Conservatives can’t seem to grasp that being anti-woke doesn’t mean being a heartless jerk about everything. Just because woke people oppose genocide doesn’t make genocide okay, especially when you know they’re right. What better symptom of our division than being afraid to stand against freaking genocide because the other side does? Want to make a conservative pro-human sacrifice? Tell them the woke crowd is against it.
On the Left, so many non-left causes have been glommed onto leftism by the liberal managerial class that the core of real leftism – working class struggle – has become secondary to issues like abortion, feminism, and LGBT rights.
And the dehumanization between us is staggering. Ponder this: why would anyone be surprised that Tucker Carlson opposes genocide? Is he not a human being? Does he not have children? Why do I keep hearing people on the left say, “I can’t believe I’m agreeing with Candace Owens. I need to take a shower.” Calm down, Mehdi Hassan. Candace speaking out against wanton murder is actually the normal thing. What should shock us is when Lindsey Graham cheers for mass murder, not when Theo Von speaks out against it – unless we’ve dehumanized each other so completely that basic decency registers as a plot twist.
The tragedy is there’s so much to unite around: the sanctity of human life, free speech, government surveillance, corporate greed, congressional corruption, foreign lobby interference, the military-industrial complex, our abysmal healthcare system, rising inequality, money going abroad instead of helping Americans at home, endless wars, billionaires running the country, and – oh yeah – not wanting our tax dollars to blow people into pieces.
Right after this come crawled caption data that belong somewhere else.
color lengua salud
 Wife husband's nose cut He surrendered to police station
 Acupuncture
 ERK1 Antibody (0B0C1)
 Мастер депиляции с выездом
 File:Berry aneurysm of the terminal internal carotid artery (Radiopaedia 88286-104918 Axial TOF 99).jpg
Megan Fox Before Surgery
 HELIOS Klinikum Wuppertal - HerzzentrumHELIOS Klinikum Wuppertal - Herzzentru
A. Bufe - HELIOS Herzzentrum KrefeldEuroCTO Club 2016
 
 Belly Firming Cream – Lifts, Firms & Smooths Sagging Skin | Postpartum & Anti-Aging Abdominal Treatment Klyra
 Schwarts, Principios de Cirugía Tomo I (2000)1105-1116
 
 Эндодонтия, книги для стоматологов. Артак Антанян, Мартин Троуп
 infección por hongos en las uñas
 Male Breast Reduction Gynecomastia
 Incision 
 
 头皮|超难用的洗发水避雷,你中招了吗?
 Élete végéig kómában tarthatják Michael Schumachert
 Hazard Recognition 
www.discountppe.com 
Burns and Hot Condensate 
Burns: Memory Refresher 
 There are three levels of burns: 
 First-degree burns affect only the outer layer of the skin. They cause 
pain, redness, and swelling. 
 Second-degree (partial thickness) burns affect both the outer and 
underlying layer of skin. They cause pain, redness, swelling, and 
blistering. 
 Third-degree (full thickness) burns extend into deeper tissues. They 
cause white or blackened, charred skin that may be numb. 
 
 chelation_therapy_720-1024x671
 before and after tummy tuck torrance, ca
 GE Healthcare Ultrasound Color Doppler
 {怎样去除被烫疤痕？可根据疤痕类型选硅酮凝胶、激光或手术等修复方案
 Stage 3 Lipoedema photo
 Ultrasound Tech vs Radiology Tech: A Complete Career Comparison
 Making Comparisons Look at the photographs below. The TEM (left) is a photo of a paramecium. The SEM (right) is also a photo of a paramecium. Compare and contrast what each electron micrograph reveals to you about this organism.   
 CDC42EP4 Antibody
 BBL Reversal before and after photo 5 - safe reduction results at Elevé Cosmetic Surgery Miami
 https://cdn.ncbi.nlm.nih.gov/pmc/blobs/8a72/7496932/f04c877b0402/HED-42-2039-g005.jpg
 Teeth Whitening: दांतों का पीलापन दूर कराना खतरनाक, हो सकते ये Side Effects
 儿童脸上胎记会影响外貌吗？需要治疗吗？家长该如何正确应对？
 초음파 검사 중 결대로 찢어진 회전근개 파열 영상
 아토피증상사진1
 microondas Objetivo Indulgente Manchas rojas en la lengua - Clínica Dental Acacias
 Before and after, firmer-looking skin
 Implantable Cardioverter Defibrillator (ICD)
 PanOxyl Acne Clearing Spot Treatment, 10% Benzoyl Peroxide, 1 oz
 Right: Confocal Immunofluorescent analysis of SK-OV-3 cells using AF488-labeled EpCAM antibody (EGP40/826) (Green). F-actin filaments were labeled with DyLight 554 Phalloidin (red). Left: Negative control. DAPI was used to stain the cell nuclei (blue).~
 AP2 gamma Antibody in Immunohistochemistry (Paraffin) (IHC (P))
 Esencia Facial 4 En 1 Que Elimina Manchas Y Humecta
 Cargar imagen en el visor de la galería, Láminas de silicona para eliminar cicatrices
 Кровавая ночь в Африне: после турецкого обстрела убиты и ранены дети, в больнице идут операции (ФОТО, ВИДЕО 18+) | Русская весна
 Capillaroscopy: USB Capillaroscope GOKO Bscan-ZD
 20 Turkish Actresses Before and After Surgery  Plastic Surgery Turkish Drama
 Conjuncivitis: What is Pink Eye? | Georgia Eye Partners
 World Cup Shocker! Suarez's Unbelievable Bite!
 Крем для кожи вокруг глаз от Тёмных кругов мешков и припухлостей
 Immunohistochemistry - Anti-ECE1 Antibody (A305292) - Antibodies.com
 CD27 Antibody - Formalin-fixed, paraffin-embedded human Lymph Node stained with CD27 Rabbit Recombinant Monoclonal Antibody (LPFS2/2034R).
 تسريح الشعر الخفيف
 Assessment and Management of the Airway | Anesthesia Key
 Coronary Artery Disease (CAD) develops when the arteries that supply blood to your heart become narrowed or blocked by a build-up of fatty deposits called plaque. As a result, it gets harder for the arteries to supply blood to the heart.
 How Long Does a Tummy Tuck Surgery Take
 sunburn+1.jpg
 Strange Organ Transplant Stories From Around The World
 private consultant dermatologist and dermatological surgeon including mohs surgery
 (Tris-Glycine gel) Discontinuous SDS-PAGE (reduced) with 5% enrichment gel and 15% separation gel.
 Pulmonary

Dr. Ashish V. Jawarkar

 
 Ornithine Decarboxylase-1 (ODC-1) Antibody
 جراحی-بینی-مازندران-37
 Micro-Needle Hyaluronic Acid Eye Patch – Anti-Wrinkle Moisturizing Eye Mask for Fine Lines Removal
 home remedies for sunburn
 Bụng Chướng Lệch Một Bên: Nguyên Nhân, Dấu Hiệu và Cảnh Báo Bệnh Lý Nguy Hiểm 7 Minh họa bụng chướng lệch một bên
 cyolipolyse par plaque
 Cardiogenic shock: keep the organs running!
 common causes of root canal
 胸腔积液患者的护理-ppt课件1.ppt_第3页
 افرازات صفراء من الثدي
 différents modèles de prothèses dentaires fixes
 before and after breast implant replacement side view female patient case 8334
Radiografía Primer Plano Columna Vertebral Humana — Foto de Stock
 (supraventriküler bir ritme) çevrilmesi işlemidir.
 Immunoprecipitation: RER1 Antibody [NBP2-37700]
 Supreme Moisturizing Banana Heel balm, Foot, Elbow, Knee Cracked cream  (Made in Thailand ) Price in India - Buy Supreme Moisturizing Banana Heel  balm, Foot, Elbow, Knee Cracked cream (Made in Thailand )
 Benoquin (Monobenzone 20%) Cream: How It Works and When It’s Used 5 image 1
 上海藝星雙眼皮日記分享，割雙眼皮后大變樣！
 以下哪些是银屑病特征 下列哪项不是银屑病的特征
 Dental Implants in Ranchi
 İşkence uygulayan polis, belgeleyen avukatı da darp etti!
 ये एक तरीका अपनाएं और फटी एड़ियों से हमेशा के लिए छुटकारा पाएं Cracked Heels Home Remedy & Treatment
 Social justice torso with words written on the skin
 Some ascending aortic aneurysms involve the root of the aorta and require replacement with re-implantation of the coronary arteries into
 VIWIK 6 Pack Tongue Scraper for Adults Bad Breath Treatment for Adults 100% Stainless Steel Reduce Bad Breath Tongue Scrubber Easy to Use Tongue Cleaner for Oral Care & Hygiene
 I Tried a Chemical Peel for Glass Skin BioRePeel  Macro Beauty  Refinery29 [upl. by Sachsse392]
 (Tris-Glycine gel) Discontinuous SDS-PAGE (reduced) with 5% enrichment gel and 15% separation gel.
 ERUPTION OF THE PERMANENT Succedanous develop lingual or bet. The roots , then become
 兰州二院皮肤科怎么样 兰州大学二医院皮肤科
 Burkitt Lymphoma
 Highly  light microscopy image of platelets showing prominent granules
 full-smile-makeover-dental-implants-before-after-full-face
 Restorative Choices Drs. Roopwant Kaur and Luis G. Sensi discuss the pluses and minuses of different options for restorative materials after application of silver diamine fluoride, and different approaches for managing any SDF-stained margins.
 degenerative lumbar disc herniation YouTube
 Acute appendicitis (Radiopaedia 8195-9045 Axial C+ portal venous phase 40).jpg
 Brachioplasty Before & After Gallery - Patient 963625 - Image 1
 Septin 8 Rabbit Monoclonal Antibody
When will Gaza be allowed to do its job and bring us together? Palestinians have paid the ultimate price to wake us up, to show us our common humanity. When do we let that sacrifice mean something? When do the cries of grieving mothers drown out the manufactured shrieks of division from our decadent elites? When do images of actual death take priority over the fake fault lines that Fox and MSNBC spend billions widening? Palestinians are building bridges between us with their own bloodied body parts. Can’t we, if only as a token of appreciation, perhaps see what it’s like to join hands?
We have Palestinians trying to unite us on the one hand, and oligarchs and elites trying to divide us on the other. Will we stop choosing the latter and embrace the former?